Lors de la session d’hiver 2014, le Conseil national s’est prononcé en faveur d’une contribution unique à l’investissement destinée aux grandes centrales hydrauliques. D’un montant de 600 millions de francs, cette somme doit être consacrée au cours des 20 prochaines années à de nouvelles constructions ainsi qu’à des extensions massives d’installations existantes. Elle doit permettre une production supplémentaire de 2 TWh. Les centrales de pompage-turbinage ne sont pas concernées par ces investissements, bien qu’elles aient été considérées comme importantes dans le message du Conseil national. Si ces contributions constituent une mesure de soutien, elles ne règlent en rien les problèmes actuels de l’énergie hydraulique. Lors du Congrès de l’électricité 2015, Jasmin Staiblin, directrice générale d’Alpiq, a parlé à ce sujet d’une «goutte d’eau dans l’océan».

En quête de solutions

Des solutions politiques doivent être envisagées pour parer à cette situation. Voici quelques mesures qui pourraient constituer une partie de la solution. Elles peuvent être limitées dans le temps.

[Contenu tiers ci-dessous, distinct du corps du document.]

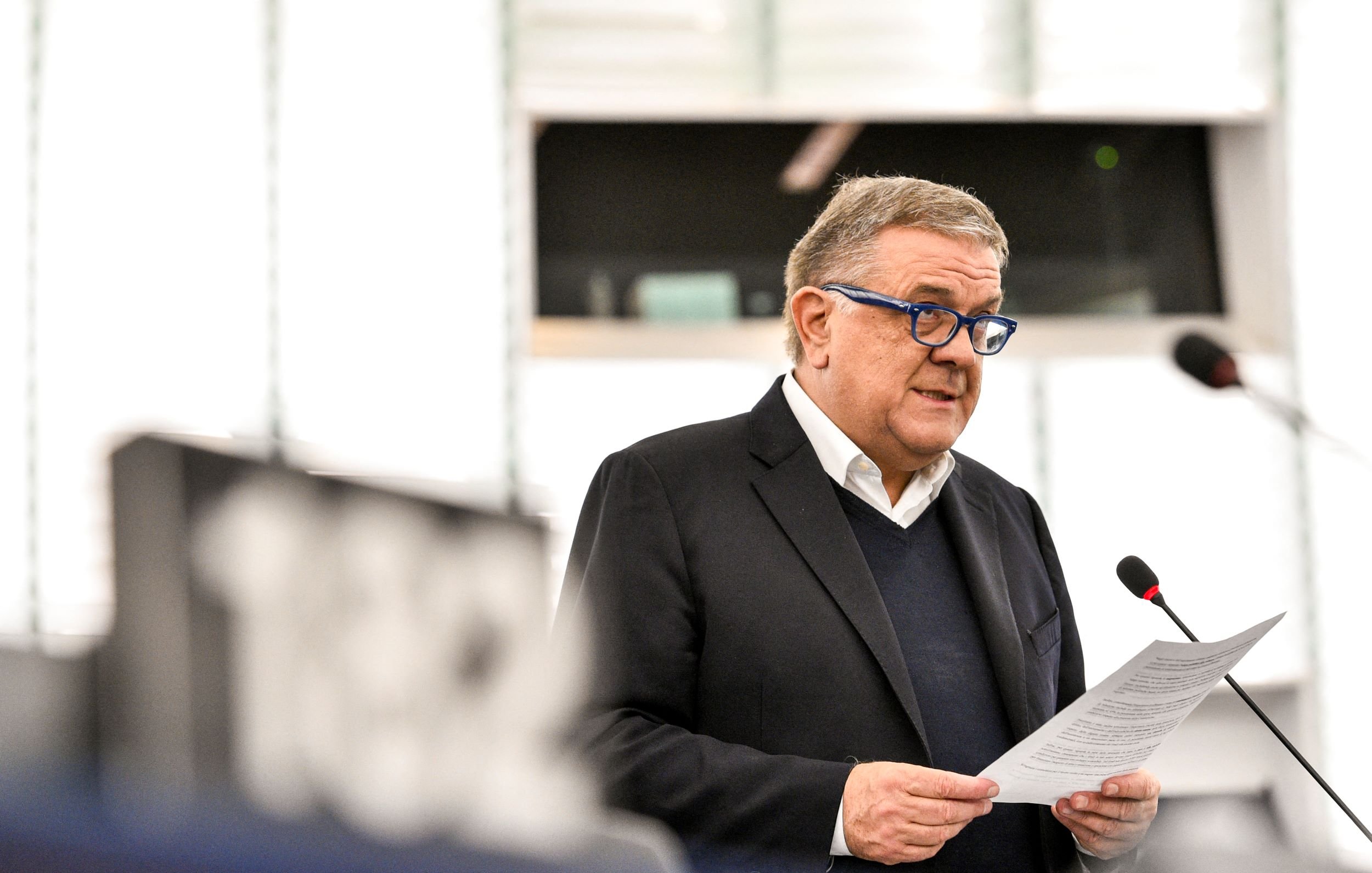 L'image montre un homme qui parle au micro lors d'une session au Parlement. Il porte des lunettes bleues et un costume sombre. Il semble lire un discours ou un document. L'environnement est celui d'une salle de réunion institutionnelle, avec un éclairage moderne et des panneaux en arrière-plan.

  • Avec les prix actuels du marché, des investissements dans l’entretien ne sont pas totalement garantis. Les contributions devraient donc être étendues à l’entretien des centrales hydrauliques existantes.
  • Les contributions ne devraient pas seulement être destinées à accroître la production mais aussi à augmenter le volume d’accumulation (pompage-turbinage).

Le système d’encouragement des énergies renouvelables (en particulier l’éolien et le photovoltaïque) devrait inciter les producteurs à fournir lorsqu’il y a une demande et être limité dans le temps. Cela éviterait d’aggraver le dommage causé à la force hydraulique.

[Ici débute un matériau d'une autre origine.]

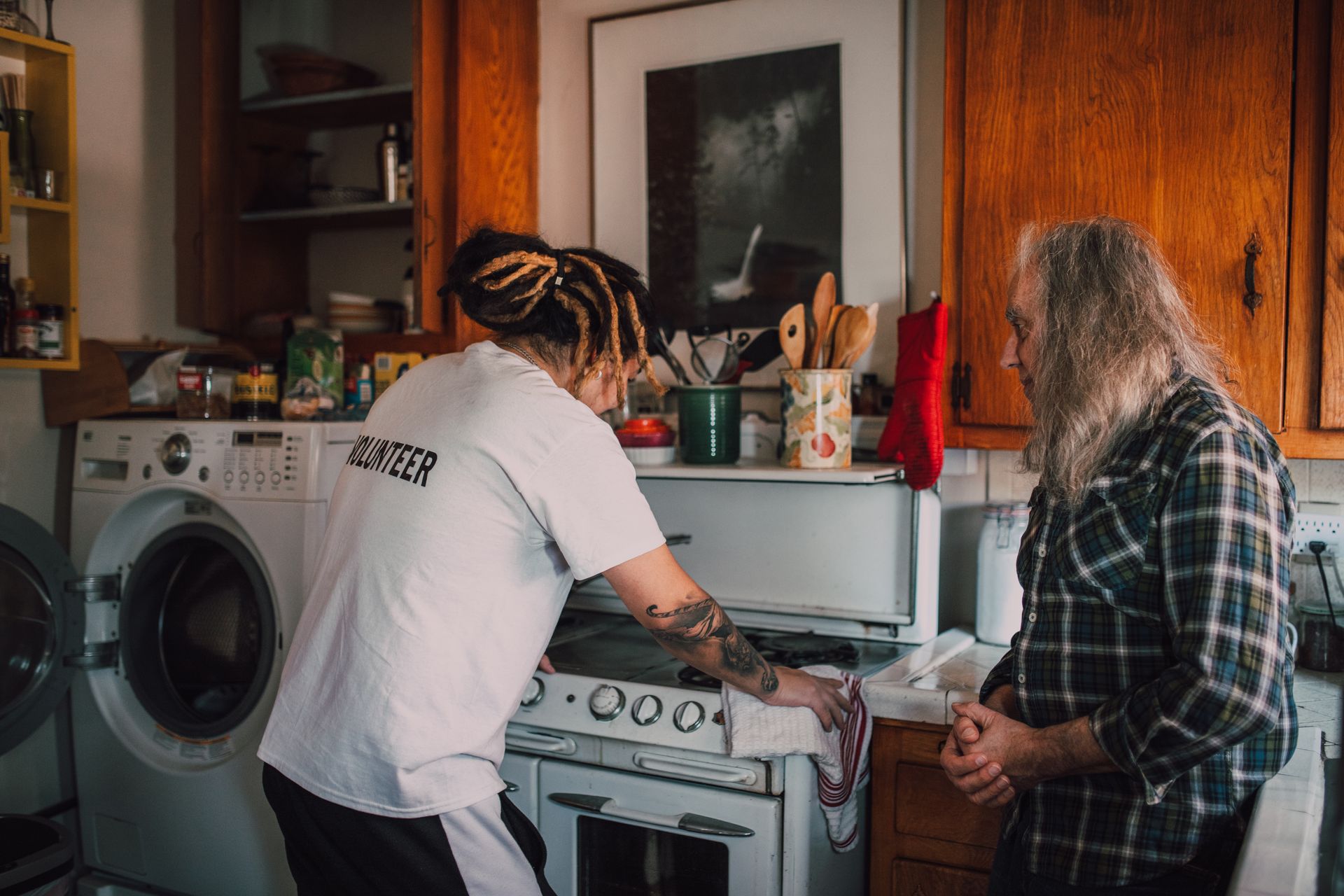 A Man Helping an Elderly Man Cleaning his Kitchen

  • Les centrales hydrauliques d’une puissance de plus de 10 MW pourraient elles aussi être intégrées au système d’encouragement des énergies renouvelables. Cela contribuerait à mettre toutes les technologies renouvelables sur un pied d’égalité.

Les producteurs paient une redevance sur l’eau, calculée sur la puissance de la centrale et non sur sa rentabilité.

  • Ce système devrait être modifié. Si le coût des redevances hydrauliques était plutôt négligeable par le passé, tel n’est plus le cas. Une partie de la solution pourrait consister par exemple :
  • à faire payer les redevances hydrauliques directement par les consommateurs d’électricité et non plus par les exploitants,
  • à ce que les cantons, conformément à leur compétence, renoncent à une hausse (possible sur le plan légal) des redevances hydrauliques.

Situation politique actuelle

En janvier 2015, le Grand Conseil du canton de Berne, un des principaux cantons hydrauliques, contre la volonté du gouvernement, a renoncé à une augmentation des redevances hydrauliques. Un exemple à suivre.

Parallèlement à cela, la Commission de l’énergie du Conseil des Etats (CEATE-E) examine la Stratégie énergétique 2050. L’énergie hydraulique sera un des thèmes centraux de ces discussions. Espérons que les décisions politiques arriveront à temps et seront à la hauteur des enjeux, soit le maintien de près de 60 % de notre production électrique.